Que un alto ejecutivo elija el silencio de la hospedería de un convento para descansar de la vorágine empresarial o que la imaginería religiosa se haya incorporado a los actuales modos de vestir –pueden llamarlo outfit, si ustedes gustan– no pasaría de lo anecdótico si la simbología de estos gestos y estas costumbres hubiera perdido su significado original.
No parece que suceda esto: el número de católicos con menos de 35 años ha crecido –según el CIS– diez puntos, situándose en un 41%. Es un incremento lo suficientemente notable para preguntarse por los motivos.
Hay quien piensa que es resultado del péndulo generacional. Frente a sus padres, muchos educados en colegios religiosos o criados bajo las convenciones culturales del cristianismo, aunque no practiquen sus ritos ni hayan hecho de sus reglas la pauta para educar a sus vástagos, las nuevas generaciones buscarían en los ámbitos religiosos que han sido capaces de aggiornarse una sensación de pertenencia.
Otros dan una razón redentorista: la seducción religiosa, en determinadas franjas de edad, vendría a ser una posible solución ante la fragmentación de la cultura contemporánea, líquida y tan aficionada al relativismo.

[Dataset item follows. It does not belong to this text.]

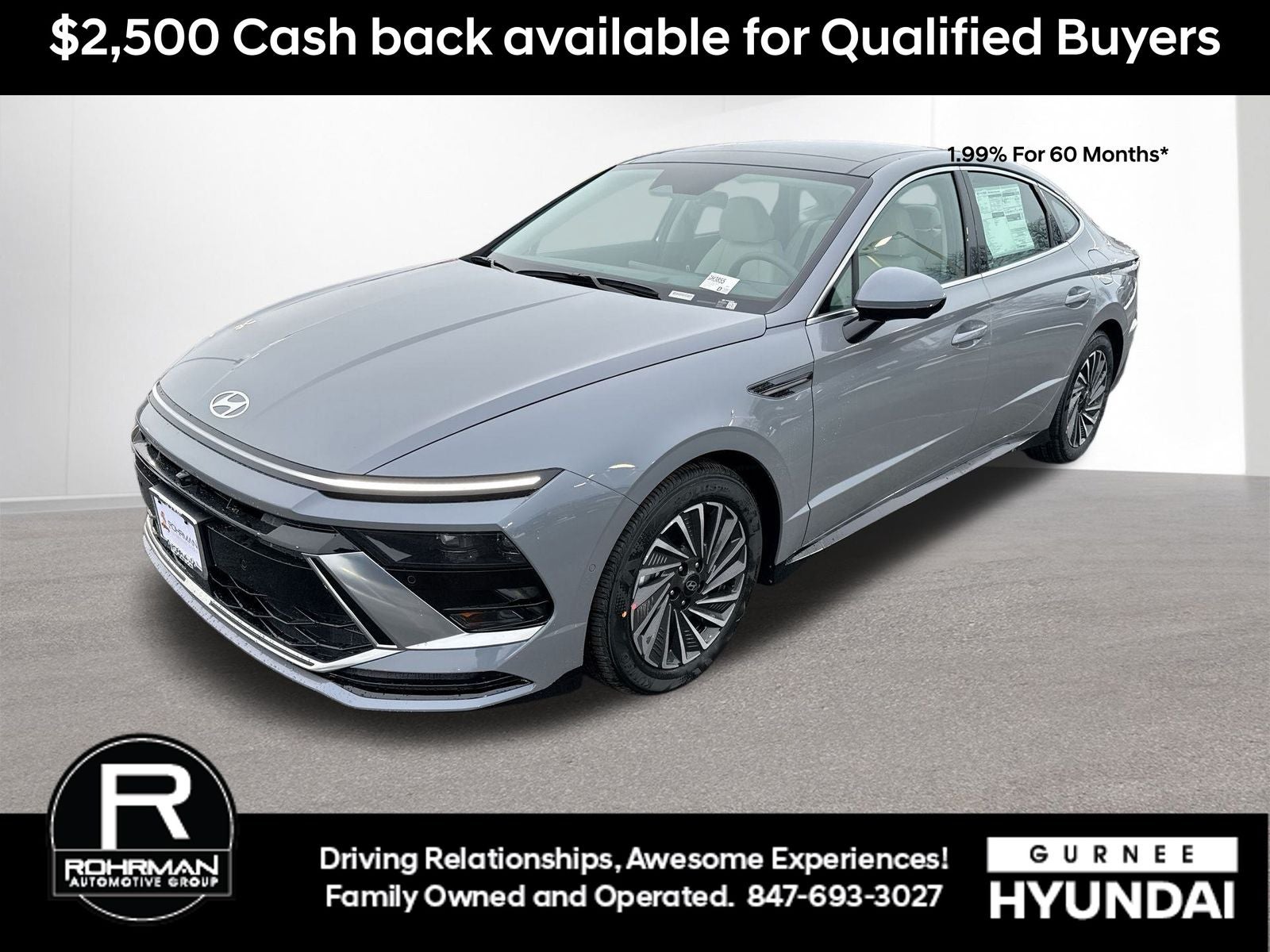 2026 Hyundai Sonata Hybrid Limited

La cuestión cobra mayor interés si se tienen en cuenta los peligros potenciales de este fenómeno. Las creencias religiosas son capaces de dar una sensación de seguridad –sobre todo a quienes la necesitan–, pero, en contrapartida, establecen una dicotomía moral demasiado estrecha que obvia la complejidad de la vida y puede conducir a estos nuevos devotos hacia posiciones extremistas o convertirlos incluso en fundamentalistas, sobre todo frente a quienes son críticos y contrarios justamente a dichas actitudes.

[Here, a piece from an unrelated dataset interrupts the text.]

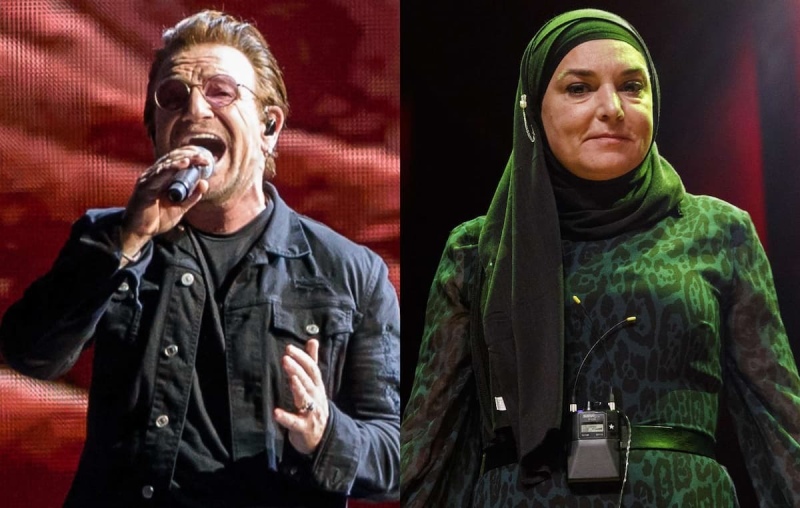 U2 en Las Vegas: rindieron homenaje a Sinead O'Connor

Lo que está claro es que las convenciones de antaño, que vinculaban la religión con la mentalidad conservadora y adscribían la etiqueta de progresista a la laicidad, no sirven para entender el presente, de igual modo que tampoco rigen ya los presupuestos históricos de derechas e izquierdas, cuya conducta política es perfectamente intercambiable.
No es nada descartable que en esta mudanza cultural influya la precariedad (laboral, económica y vital) que sienten muchos de los españoles más jóvenes, para los que la vivienda es una quimera y fundar una familia, una utopía.
Intuimos, sin embargo, que el motor de estas conversiones súbitas, epidérmicas o sinceras, tiene más que ver con una de las razones capitales por las que Bertrand Russell decía no poder ser cristiano: la emocionalidad desatada, que es la antítesis de la argumentación y –no precisamente por casualidad– la característica que mejor define a todos los populismos políticos.
La asociación entre la religión y la política no deja de ser uno más de los inquietantes signos de nuestro tiempo, tan cargado de paradojas. A medida que el conocimiento es más accesible, menos quiere pensar el ser humano por sí mismo; cuando en la sociedad existe más libertad de expresión para defender cualquier idea, más miedo se muestra socialmente ante la inquisición de la corrección política. A medida que más rodeados estamos de tecnología, menos humanos parecemos.
Un viejo dicho –God in da house– expresa la capacidad de Dios para honrar con su presencia espiritual todos los espacios vitales. Es una idea similar al Dios de los pucheros de Santa Teresa de Jesús.
Parece una frase hermosa, y lo es, pero conviene recordar que el monopolio de la divinidad puede ser indistintamente entendido como una bendición o bajo la forma del sarcasmo. El que dota de todo su sentido a With God on Our Side, la canción que Bob Dylan escribió hace ya 60 años en contra de todas las fanáticas cruzadas del tiempo.